For Investment TeamsPrivate SWE Bench

Turn Portfolio Code Into a Private, Licenseable Engineering Benchmark

Repo Evaluator finds high-signal engineering work in a target company's repository history, scores benchmark readiness, and helps you decide what codebases are worth licensing for a company-specific SWE-bench style dataset.

Back to app

Plain-English Flow

This is the non-technical version you can share with PE stakeholders.

flowchart LR
  A["1) You select target repositories"] --> B["2) Repo Evaluator reads code + PR history"]
  B --> C["3) It filters for high-signal engineering work"]
  C --> D["4) It scores each repo for benchmark readiness"]
  D --> E["5) It outputs candidate SWE-bench style tasks"]
  E --> F["6) Your team licenses approved codebases"]

Scope

You pick which portfolio repositories are in scope for diligence and licensing review.

Quality Signal

We evaluate test quality, CI discipline, and PR patterns to isolate meaningful engineering changes.

Benchmark Curation

Accepted historical PRs become candidate tasks for a company-specific private SWE bench.

Decision Support

You receive a score, recommendation, and supporting evidence to guide licensing decisions.

What You Get

1. A benchmark readiness score for each repository.

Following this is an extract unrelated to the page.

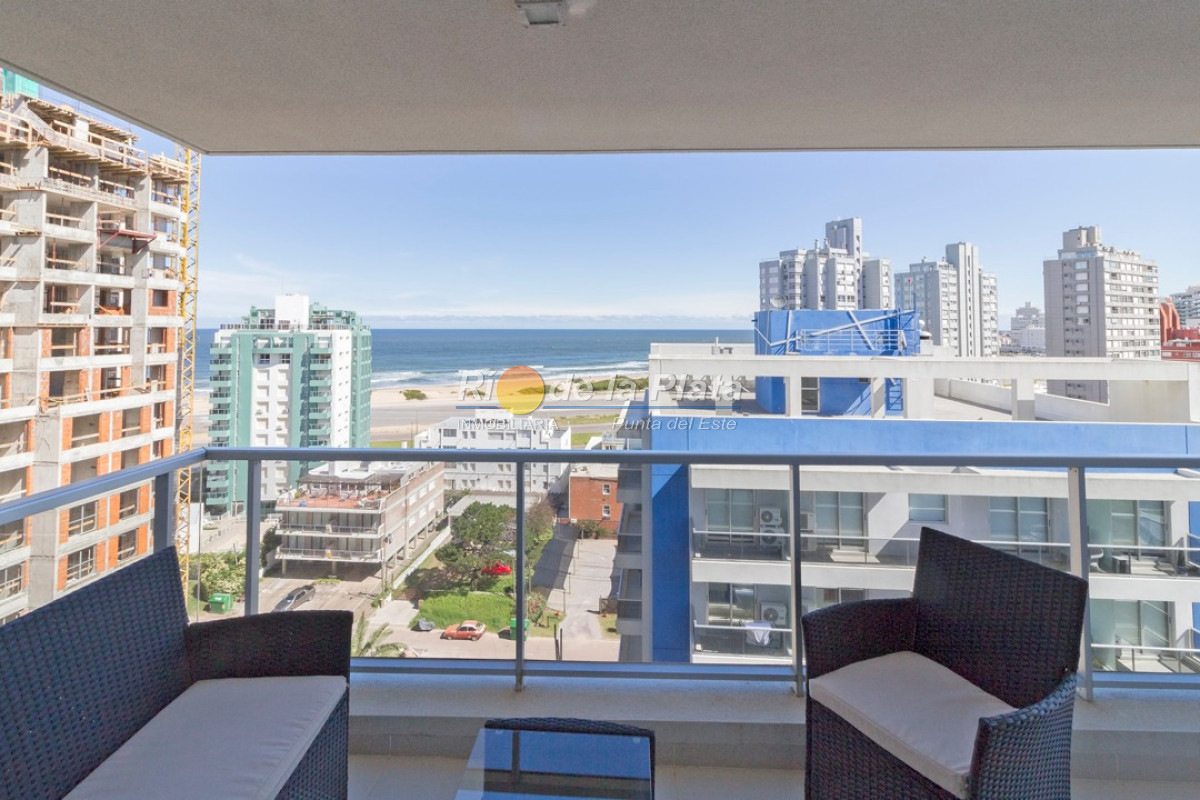 Brava - GoPunta - Portal Inmobiliario de Punta del Este - Maldonado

2. A filtered set of candidate tasks based on real PR history.

3. Evidence you can use in licensing and diligence discussions.

Data Handling Guardrails

Repository clones are created in temporary working directories during evaluation.

Temporary cloned code is deleted at the end of each run.

Current web app stores final results in browser session storage for viewing.

Access is token-based and scoped to repositories the user can already access.

Technical Appendix (for engineering teams)

flowchart TD
  U["User"] --> SEL["/select<br/>Pick repositories"]
  SEL --> DASH["/evaluate<br/>EvaluationDashboard"]
  DASH --> API["POST /api/evaluate/stream"]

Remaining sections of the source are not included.